Priver la Russie de ce statut de partenaire commercial privilégié ouvre la voie à l’imposition par les Etats-Unis et leurs alliés de taxes douanières sur de nombreux produits russes, ce qui accentuerait la pression sur une économie russe déjà en route vers une « profonde récession » cette année selon les projections du Fonds monétaire international (FMI).
Il s’agit d’une nouvelle mesure s’inscrivant dans les efforts de Washington et de ses alliés pour faire pression sur le président russe Vladimir Poutine afin que celui-ci mette fin à un conflit sans précédent en Europe depuis la fin de la Deuxième Guerre mondiale.
Selon deux des sources, chaque pays doit mettre en oeuvre le changement de statut commercial de la Russie via ses propres procédures nationales.
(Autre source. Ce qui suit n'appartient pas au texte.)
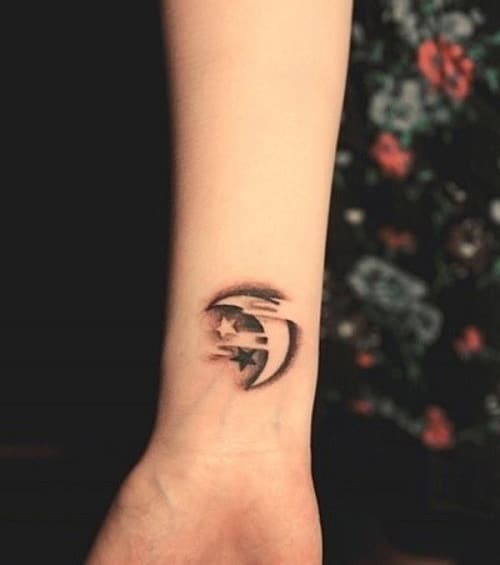New Wrist Clouds Crescent Moon Tattoos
Aux Etats-Unis, retirer à la Russie son statut de partenaire commercial « normal » doit faire l’objet d’un vote au Congrès, mais les parlementaires, démocrates comme républicains, ont déjà exprimé leur soutien à une telle démarche, ont déclaré deux représentants américains.
Les Occidentaux ont imposé un éventail de sanctions d’une ampleur inédite contre la Russie depuis l’invasion de l’Ukraine, le 24 février, avec l’objectif d’isoler Moscou et de provoquer la chute de l’économie russe.
(Reportage Steve Holland et Andrea Shalal; version française Jean Terzian)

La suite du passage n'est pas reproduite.